System went read-only after inactivity | BTRFS |

Earlier today my system went read-only, which from my experience is not a good thing. I shutdown my laptop and went into rescue mode in a USB to check the errors, I got these from typing btrfs check /dev/sdb4

[1/7] checking root items
[2/7] checking extents
ref mismatch on [10116931584 36864] extent item 4194305, found 1
ERROR: errors found in extent allocation tree or chunk allocation
[3/7] checking free space tree
[4/7] checking fs roots
[5/7] checking only csums items (without verifying data]
[6/7] checking root refs
[7/7] checking quota groups skipped (not enabled on this FS)
found 16488804352 bytes used, error(s) found
total csum bytes: 15410108
total tree bytes: 575078400
total fs tree bytes 526319616
total extent tree bytes: 26918912
btree space waste bytes: 118175279
file data blocks allocated: 54143864832
  referenced 22470471680

This is a new solid state drive by the way (bought it two months ago) which is what’s confusing me the most!

$ printf ā€˜%x\n%x\n%x\n%x\n%x\n’ 4194305
400001

extent items essentially never fall on a boundary that’s off by 1 byte. This is evidence of a bitflip and generically suggests bad RAM. But it could be power supply, cooling, overclocking the CPU.

So if any of those things sound suspicious, like you’re playing games and overclocking the CPU (super common) reset that back to a proper default.

Here’s what I’d like to see:

Boot from the USB stick, and try to mount the drive normally:

mount /dev/sdb4 /mnt
umount /dev/sdb4 /mnt
mount -o ro,rescue=all /dev/sdb4 /mnt
journalctl -k -o short-monotonic --no-hostname > dmesg0.txt

post dmesg0.txt somewhere for us to download, I’d like to see what the kernel says about any issues mounting this file system.

1 Like

Next, you will also need to run some memory testers to confirm/deny this is a memory problem. If you were overclocking a lot, well you could probably safely assume that’s the problem and not test. But I personally would still test.

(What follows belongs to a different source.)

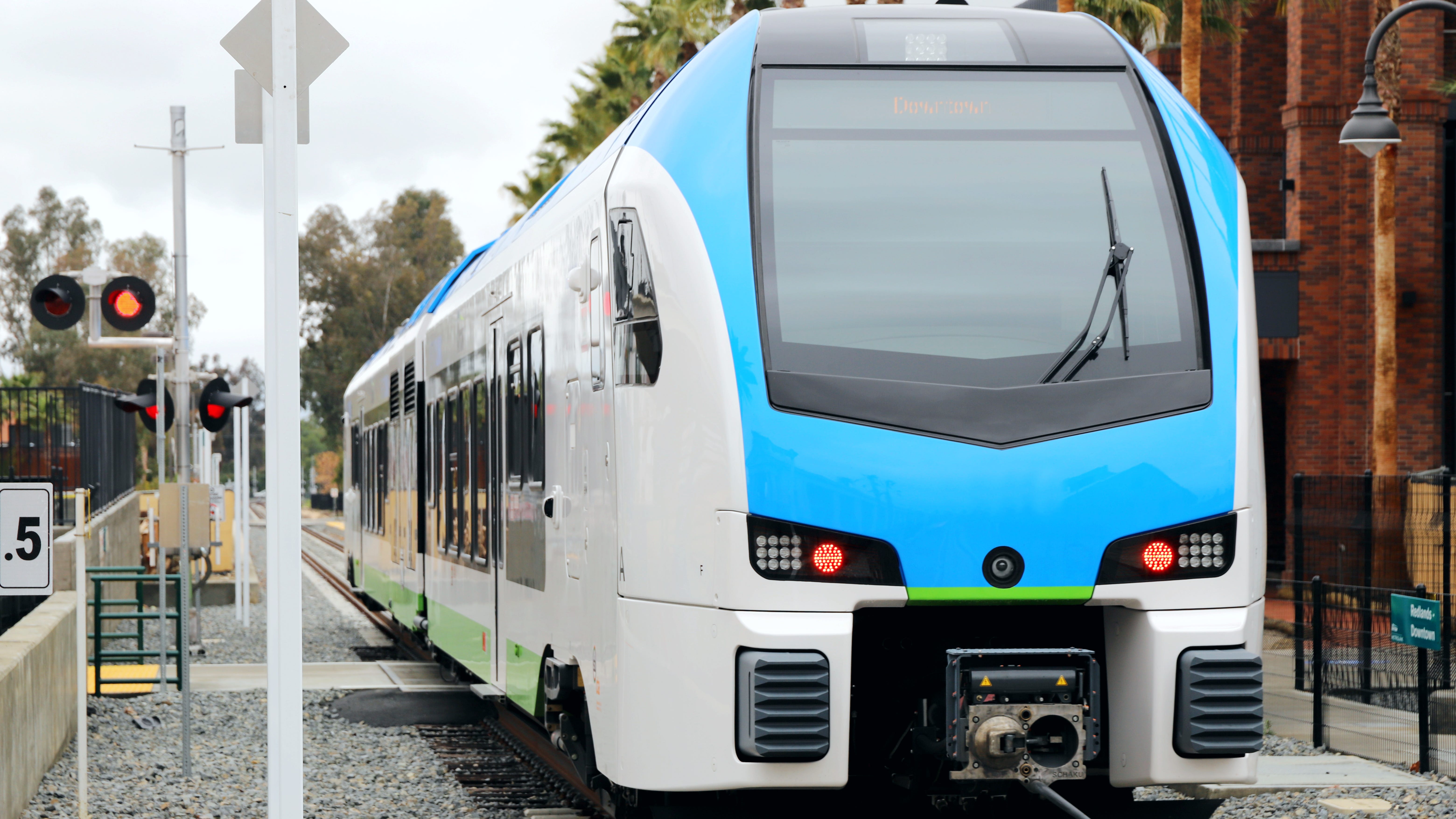 Pedestrian fatally struck by Metrolink train in Riverside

memtest86 and memtest86+, these run in the pre-boot environment, not everyone is familiar with that, but they have the benefit of taking up very little memory therefore essentially all the memory can be tested; the downside is it can take days. Yes, about as many folks reporting memory defects discovered in minutes, report memory defects discovered only after days. Many passes, zero errors, then suddenly on day 4, 1 bitflip. So that’s tedious but hopefully you will not experience that. Test until you can’t stand it anymore.

memtester is in the Fedora repo. This is a user space memory tester. As such a large footprint for the kernel, and memory in-use by user space, prevents a lot of memory from being tested. You can minimize this (and maximize memory tested) by booting with boot parameter 3 which means non-graphical boot. Run memtester from the command line.

Some folks swear by doing multiple concurrent compilations of linux. Supposedly gcc is very memory intensive. I haven’t ever tried this and I’m not sure how to maximize the amount of memory being tested or how to interpret the results. But there you go.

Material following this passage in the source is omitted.